In Texas, it’s been a few weeks since the new open carry law went into effect, and this story from keranews.org says many women are electing to keep their pistols concealed.
The reporters went to Ray’s Sportig Goods in Oak Cliff where store manager Chuck Payne told them he’s sold a lot more guns and accessories to ladies lately.
“A lot of married ladies with their husbands have decided that (if) their husband’s not home, they need to be able to do something,” Payne said. “And they need a different gun than what their husband has.”
And, he says, that means they’re buying different accessories too, like the purses with hidden pockets, special jackets designed for women’s concealed carry, and similar products that he carries.
Though he’s selling to more women, Payne says he hasn’t seen one woman come into the store carrying openly.
In the story, Julianna Crowder, founder of A Girl and A Gun shooting club, says one reason women aren’t carrying openly is because they don’t want to draw attention to themselves. Crowder said she keeps a 9mm pistol in an over-the-waistband holster, under her jacket.
“I also think culturally-wise, here in Texas, we’re so used to concealed carry that it’s a bit of a shift to figure out what our carry method would be if we decided to open carry, and is it going to be secure enough,” Crowder said in the story.
Companies that make gear especially designed for women to carry concealed or otherwise are seeing spikes in business, like The Well-Armed Woman, which we reported on yesterday.
Carrie Lightfoot’s Arizona-based online store sells bra holsters, concealment garters, lace waistband holsters, and a lot more. She says women’s wardrobes and body shape can make safely concealed and drawing a gun more challenging, and that overall, sales and shooting club memberships are up more than 130 percent since the fall.

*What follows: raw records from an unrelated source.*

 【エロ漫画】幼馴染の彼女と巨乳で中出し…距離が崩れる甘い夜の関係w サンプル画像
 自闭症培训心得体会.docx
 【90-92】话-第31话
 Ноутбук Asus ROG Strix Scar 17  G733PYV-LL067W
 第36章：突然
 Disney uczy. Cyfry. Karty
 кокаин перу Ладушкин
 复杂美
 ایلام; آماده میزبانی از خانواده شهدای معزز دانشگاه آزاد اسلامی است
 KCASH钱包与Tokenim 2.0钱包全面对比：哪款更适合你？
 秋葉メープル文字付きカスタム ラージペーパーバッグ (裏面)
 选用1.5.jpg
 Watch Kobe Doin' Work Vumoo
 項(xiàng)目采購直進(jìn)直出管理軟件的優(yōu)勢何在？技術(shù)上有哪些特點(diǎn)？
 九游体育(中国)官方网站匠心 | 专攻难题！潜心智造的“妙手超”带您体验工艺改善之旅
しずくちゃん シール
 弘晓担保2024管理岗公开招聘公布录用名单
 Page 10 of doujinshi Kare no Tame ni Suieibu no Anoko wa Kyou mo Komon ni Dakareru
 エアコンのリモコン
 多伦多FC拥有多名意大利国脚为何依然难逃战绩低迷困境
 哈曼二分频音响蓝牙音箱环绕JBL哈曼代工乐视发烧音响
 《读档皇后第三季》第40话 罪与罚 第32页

“The misperception is that women are casual about the carrying of the gun,” Lightfoot said. “And that really is not accurate. Women are extremely responsible and concerned about safety.”
The story also mentions the success of some off-the-body carry methods for women, like Plano-based Kate Woolstenhulme’s line of high-end concealed carry handbags introduced in 2009, which are made to emulate designer bags like Coach or Burberry, with special pockets and locking devices for firearms.
The bags are pricey, but the story quotes a stat from the NSSF that showed women who bought a gun in the past year spent an average of $870 on firearms and more than $400 on accessories.